Это была решительная защита, произнесенная д'Аржансоном с выдвинутой вперед челюстью и с тем неприятием возражений, которое и сделало его выдающимся адвокатом. Но голос д'Аржансона, хотя и звучный, и убедительный, был не в силах заглушить голос большинства Совета.
Регент вздохнул еще раз и уныло посмотрел на мистера Лоу. В извиняющемся выражении этого полного, розового лица, впрочем, не было необходимости, так как шотландец и без этого понимал, что его идея провалена. Он только не понимал, что лежит на душе этого дружелюбного, легкого на подъем принца, каковы бы ни были его личные пристрастия, чтобы противопоставлять себя враждебному большинству Совета.
Только один раз за всю свою короткую карьеру после смерти последнего короля Его Высочество вышел из состояния своей обычной праздности и дал бой. Это было, когда он потребовал от парламента уничтожения завещания Людовика XIV, в котором тот требовал участия своего узаконенного сына от госпожи де Монтеспан герцога Менского в регентстве Франции и в опеке над юным королем.
С живостью и некоторой долей величия его покойного дяди, он заставил тогда парламент вычеркнуть герцога Менского из завещания, оставив его самого единственным регентом.
Но все это, размышлял мистер Лоу, было борьбой за его собственные привилегии, и ничто менее значительное, по-видимому, не могло вызвать у него подобный прилив энергии.
Регент сидел молча, в полной тишине, наступившей после выступления последнего члена Совета, его подбородок утонул в кружевах на шее, а его сдвинутые брови выдавали работу мысли.

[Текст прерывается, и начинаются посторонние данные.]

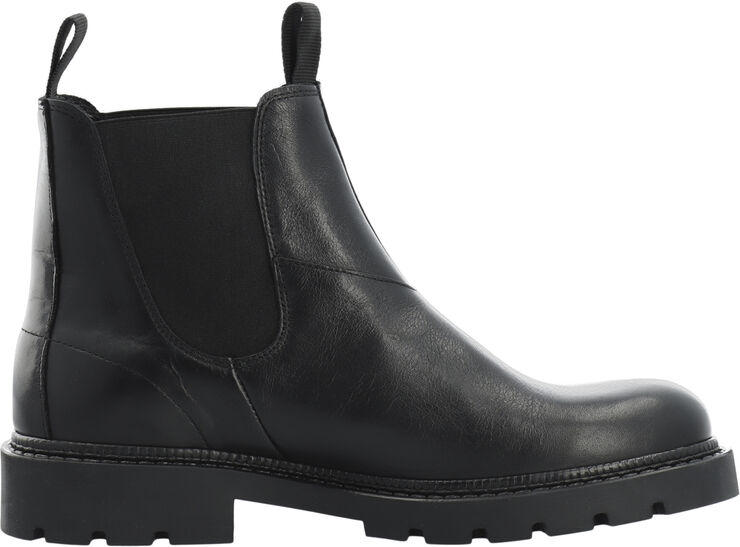 Bianco BIAJEFF Chelsea Boot Tumbled Leather Black
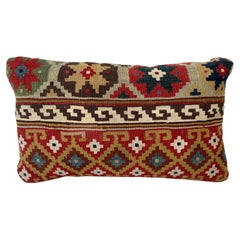 Antique Contemporary Pillow Made from 19th Century Tribal Ghashghai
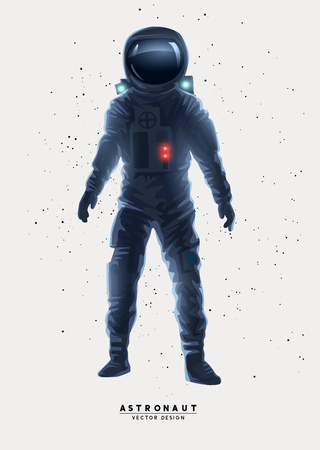 Spaceman astronaut design, vector illustration.のイラスト素材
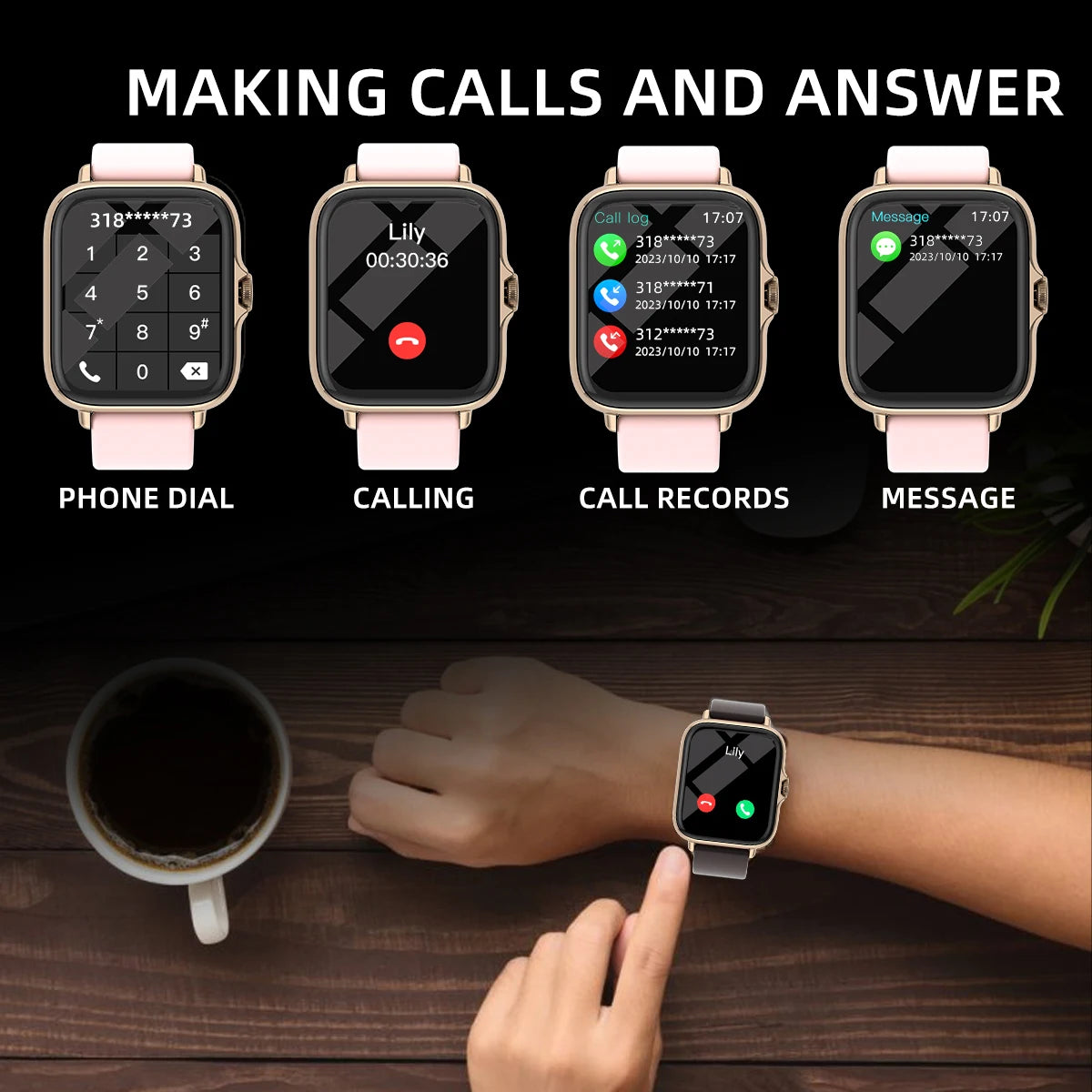 ⌚ Glomexia Smart Watch 1.83” HD Display 💧📞
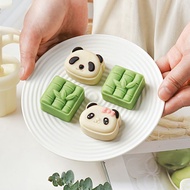 Mini Panda Bamboo Mung Bean Sorbet Mold 30g Mooncake Mold Complementary Food Purple Potato Yam Pastry Cartoon Shape 7.31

Возможно это было одно из тех мгновений, когда он проклинал политическую необходимость создавать всяческие Советы, одним из которых был этот Совет финансов, вместо того, чтобы просто управлять министрами, которых легко можно было заставлять идти в нужном направлении. Наконец он заговорил усталым голосом:
— Маркиз д'Аржансон, господа, полностью выразил мое собственное мнение. Это мнение создалось у меня после ознакомления с великолепным трудом господина Ла «Деньги и торговля», отрывки из которого вам были розданы. Будь иначе, не имей я такой уверенности в преимуществах предложенной системы, я бы не затруднил мистера Л а приходом сюда для объяснений своих идей. Продолжая верить в его идеи, я крайне сожалею, что все вы, за исключением господина д'Аржансона, выступили против них. Однако ваше единодушие не оставляет мне выбора. Мне остается только признать этот проект отвергнутым и, значит, мы должны искать выход из наших трудностей в каком-либо ином решении.
Он резко закончил:
— Я не вижу причин задерживать вас сегодня, господа. Разрешаю вам покинуть заседание.
Глава 3
Граф Стэр
Не бывает игрока, о чьем проигрыше нельзя было бы узнать по его лицу. Однако, хотя ставка в игре Джона Лоу составляла не тысячи, а миллионы, спокойствие не покинуло его.